*Work instructions*: Once you have located the line containing "Phillip Schofield, Holly" in the material below, return it exactly along with each line after it through the line containing "Daily Slit Pant (Black)".

━━━━━ Supplied material ━━━━━

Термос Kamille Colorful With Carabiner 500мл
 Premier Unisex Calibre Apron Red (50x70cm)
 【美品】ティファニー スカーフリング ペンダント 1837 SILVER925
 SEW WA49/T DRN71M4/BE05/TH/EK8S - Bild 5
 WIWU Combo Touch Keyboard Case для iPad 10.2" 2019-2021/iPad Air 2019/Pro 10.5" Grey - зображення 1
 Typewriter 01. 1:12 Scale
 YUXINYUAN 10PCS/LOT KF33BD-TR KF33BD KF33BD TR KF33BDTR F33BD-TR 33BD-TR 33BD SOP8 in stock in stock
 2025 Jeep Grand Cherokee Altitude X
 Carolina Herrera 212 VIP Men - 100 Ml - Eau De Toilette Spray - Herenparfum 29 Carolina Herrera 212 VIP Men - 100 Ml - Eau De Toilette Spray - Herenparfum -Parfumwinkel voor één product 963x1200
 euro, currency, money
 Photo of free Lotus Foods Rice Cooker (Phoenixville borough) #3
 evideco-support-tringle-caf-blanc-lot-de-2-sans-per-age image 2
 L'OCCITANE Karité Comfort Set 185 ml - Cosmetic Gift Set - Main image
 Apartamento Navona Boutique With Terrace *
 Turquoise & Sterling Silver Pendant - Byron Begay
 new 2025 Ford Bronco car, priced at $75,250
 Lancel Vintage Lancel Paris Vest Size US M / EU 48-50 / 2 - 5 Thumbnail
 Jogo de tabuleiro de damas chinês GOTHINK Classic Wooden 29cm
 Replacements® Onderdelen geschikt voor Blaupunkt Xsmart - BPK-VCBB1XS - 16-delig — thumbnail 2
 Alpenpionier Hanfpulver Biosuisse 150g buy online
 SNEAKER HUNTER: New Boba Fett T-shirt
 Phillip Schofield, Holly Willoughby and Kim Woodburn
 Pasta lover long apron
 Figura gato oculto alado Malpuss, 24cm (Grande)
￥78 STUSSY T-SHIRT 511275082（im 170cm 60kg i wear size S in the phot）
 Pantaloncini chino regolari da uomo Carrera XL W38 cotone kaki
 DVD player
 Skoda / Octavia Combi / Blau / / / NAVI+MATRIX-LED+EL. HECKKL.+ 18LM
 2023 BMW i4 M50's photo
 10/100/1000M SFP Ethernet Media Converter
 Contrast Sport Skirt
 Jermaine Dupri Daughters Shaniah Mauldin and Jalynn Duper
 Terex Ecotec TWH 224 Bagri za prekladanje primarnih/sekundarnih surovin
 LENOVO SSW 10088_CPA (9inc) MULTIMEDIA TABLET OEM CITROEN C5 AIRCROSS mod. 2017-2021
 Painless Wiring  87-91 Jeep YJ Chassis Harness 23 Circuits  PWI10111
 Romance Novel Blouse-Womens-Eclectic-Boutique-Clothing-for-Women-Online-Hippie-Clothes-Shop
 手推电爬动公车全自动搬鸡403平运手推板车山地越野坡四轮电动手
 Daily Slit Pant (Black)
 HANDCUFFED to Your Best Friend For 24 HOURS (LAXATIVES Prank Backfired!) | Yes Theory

━━━━━

*Exercise output*:
 Phillip Schofield, Holly Willoughby and Kim Woodburn
 Pasta lover long apron
 Figura gato oculto alado Malpuss, 24cm (Grande)
￥78 STUSSY T-SHIRT 511275082（im 170cm 60kg i wear size S in the phot）
 Pantaloncini chino regolari da uomo Carrera XL W38 cotone kaki
 DVD player
 Skoda / Octavia Combi / Blau / / / NAVI+MATRIX-LED+EL. HECKKL.+ 18LM
 2023 BMW i4 M50's photo
 10/100/1000M SFP Ethernet Media Converter
 Contrast Sport Skirt
 Jermaine Dupri Daughters Shaniah Mauldin and Jalynn Duper
 Terex Ecotec TWH 224 Bagri za prekladanje primarnih/sekundarnih surovin
 LENOVO SSW 10088_CPA (9inc) MULTIMEDIA TABLET OEM CITROEN C5 AIRCROSS mod. 2017-2021
 Painless Wiring  87-91 Jeep YJ Chassis Harness 23 Circuits  PWI10111
 Romance Novel Blouse-Womens-Eclectic-Boutique-Clothing-for-Women-Online-Hippie-Clothes-Shop
 手推电爬动公车全自动搬鸡403平运手推板车山地越野坡四轮电动手
 Daily Slit Pant (Black)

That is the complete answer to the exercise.